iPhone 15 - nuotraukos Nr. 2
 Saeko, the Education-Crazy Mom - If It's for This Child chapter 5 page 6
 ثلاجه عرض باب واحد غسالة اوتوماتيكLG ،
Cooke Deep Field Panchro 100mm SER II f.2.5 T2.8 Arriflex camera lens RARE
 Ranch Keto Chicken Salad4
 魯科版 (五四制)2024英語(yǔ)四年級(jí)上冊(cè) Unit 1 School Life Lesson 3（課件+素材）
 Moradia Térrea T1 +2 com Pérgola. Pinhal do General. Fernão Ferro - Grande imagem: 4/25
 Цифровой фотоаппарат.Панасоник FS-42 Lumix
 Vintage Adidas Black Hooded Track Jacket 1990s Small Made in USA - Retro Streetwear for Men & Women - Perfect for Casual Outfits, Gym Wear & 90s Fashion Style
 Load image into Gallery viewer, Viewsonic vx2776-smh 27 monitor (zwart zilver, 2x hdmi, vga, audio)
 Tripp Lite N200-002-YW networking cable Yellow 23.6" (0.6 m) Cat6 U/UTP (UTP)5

○ ○ ○

YOUR GOAL
The reply should consist solely of the lines of the data, exact, from the opening line through the line with "Vintage Adidas Black", inclusive.

SOLUTION TO THIS PROBLEM
iPhone 15 - nuotraukos Nr. 2
 Saeko, the Education-Crazy Mom - If It's for This Child chapter 5 page 6
 ثلاجه عرض باب واحد غسالة اوتوماتيكLG ،
Cooke Deep Field Panchro 100mm SER II f.2.5 T2.8 Arriflex camera lens RARE
 Ranch Keto Chicken Salad4
 魯科版 (五四制)2024英語(yǔ)四年級(jí)上冊(cè) Unit 1 School Life Lesson 3（課件+素材）
 Moradia Térrea T1 +2 com Pérgola. Pinhal do General. Fernão Ferro - Grande imagem: 4/25
 Цифровой фотоаппарат.Панасоник FS-42 Lumix
 Vintage Adidas Black Hooded Track Jacket 1990s Small Made in USA - Retro Streetwear for Men & Women - Perfect for Casual Outfits, Gym Wear & 90s Fashion Style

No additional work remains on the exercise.